Les Forces armées des États-Unis ont déployé des combattants de dernière génération F-35B Lightning II à Porto Rico dans le cadre de leurs opérations pour lutter contre le trafic de drogue dans les Caraïbes, une mesure qui a été fortement remise en question par le régime de Nicolás Maduro au Venezuela.
L'opération, comme expliqué par le ministère américain de la Défense grâce à un message publié jeudi dans le réseau social X, cherche à faire face à des affiches dont les activités illicites ont provoqué des « conséquences dévastatrices pour les Américains depuis des décennies ». Le F-35B appartient au 225 Marine Infantry Attack Squadron et opère maintenant à partir du territoire portoricain.
La configuration F-35B représente sa courte distance et sa capacité d'atterrissage verticale, ce qui leur permet de fonctionner à partir de navires de navires déployés dans le sud des Caraïbes. Selon les rapports des médias locaux diffusés au début de la semaine, au moins cinq plans de combat de ce modèle ont atterri sur la piste de l'aéroport régional José Aponte de la Torre – Base Roosevelt Roads Base – dans le nord-est de Porto Rico, en particulier dans la municipalité de Ceiba.
Le déploiement militaire réagit à l'intensification du combat anti-drogue dans la région, après l'annonce cette semaine par le président américain Donald Trump, qui a rendu compte de la destruction d'un troisième bateau dans la région. Selon Washington, l'action a causé la mort de trois occupants, identifiés comme des « narcoterroristes vénézuéliens » transportés en substances illégales aux États-Unis.

Avant l'augmentation du déploiement des médias militaires américains et de l'offensive publique de l'administration Trump, le régime de Chavista du Venezuela a répondu avec des critiques et des manœuvres militaires sur l'île d'Orchila, au nord de Caracas, qualifiant la présence militaire américaine comme une «menace».
Conformément à ces mouvements, le secrétaire américain à la défense, Pete Hegseth, a fait une visite surprise à Porto Rico le 8 septembre, quelques jours après que dix F-35 ont été signalés sur l'île. Il était accompagné par le chef du chef conjoint des Forces armées des États-Unis, Dan Caine.

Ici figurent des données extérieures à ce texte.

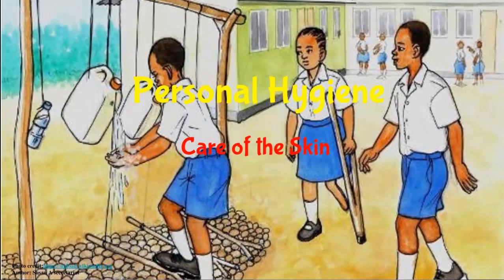Personal hygiene. It's Sunday morning. Jim's mother is washing clothes outside the house while Jim himself is playing video games in his room. Suddenly, his mother remembers something.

Le gouverneur de Porto Rico, Jenniffer González, a confirmé l'arrivée de ces hauts responsables et a directement remercié le président Trump et son administration d'avoir reconnu « l'importance stratégique de Porto Rico pour la sécurité nationale des États-Unis et pour leur lutte contre les cartels de la drogue et le narcodiateur de Nicolás Maduro. »
González a exprimé dans le réseau social x son soutien à la politique de « Amérique d'abord », soulignant que ces actions « garantissent la sécurité des frontières et combattent des activités illicites pour protéger les citoyens américains ». Il a ajouté que l'opération positionnerait stratégiquement l'île comme la frontière américaine dans les Caraïbes et sera confrontée au problème « Root, attaquant d'où vient le médicament ».

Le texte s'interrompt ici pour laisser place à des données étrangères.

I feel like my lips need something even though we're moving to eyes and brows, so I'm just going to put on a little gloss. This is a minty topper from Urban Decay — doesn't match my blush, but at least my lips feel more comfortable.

Le président portoricain a élargi son soutien, déclarant « fier » que Porto Rico puisse soutenir les récents mouvements militaires du gouvernement américain dans le cadre de son offensive contre les cartels en Amérique latine.

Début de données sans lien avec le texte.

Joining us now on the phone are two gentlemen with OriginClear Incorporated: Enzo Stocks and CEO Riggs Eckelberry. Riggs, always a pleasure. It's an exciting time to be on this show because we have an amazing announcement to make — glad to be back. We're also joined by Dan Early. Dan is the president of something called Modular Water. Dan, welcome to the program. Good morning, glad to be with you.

L'opération a impliqué, en plus d'envoyer les combattants, le déploiement de plusieurs navires militaires américains dans les eaux des Caraïbes. González a souligné que « pendant trop longtemps, les cartels et le régime de drogue du Venezuela ont inondé les communautés de drogues dangereuses », un problème qui, a-t-il dit, fait maintenant face à une stratégie plus directe et plus énergique.
Malgré l'ampleur de l'opération, le ministère américain de la Défense n'a pas contribué de détails supplémentaires sur les actions futures.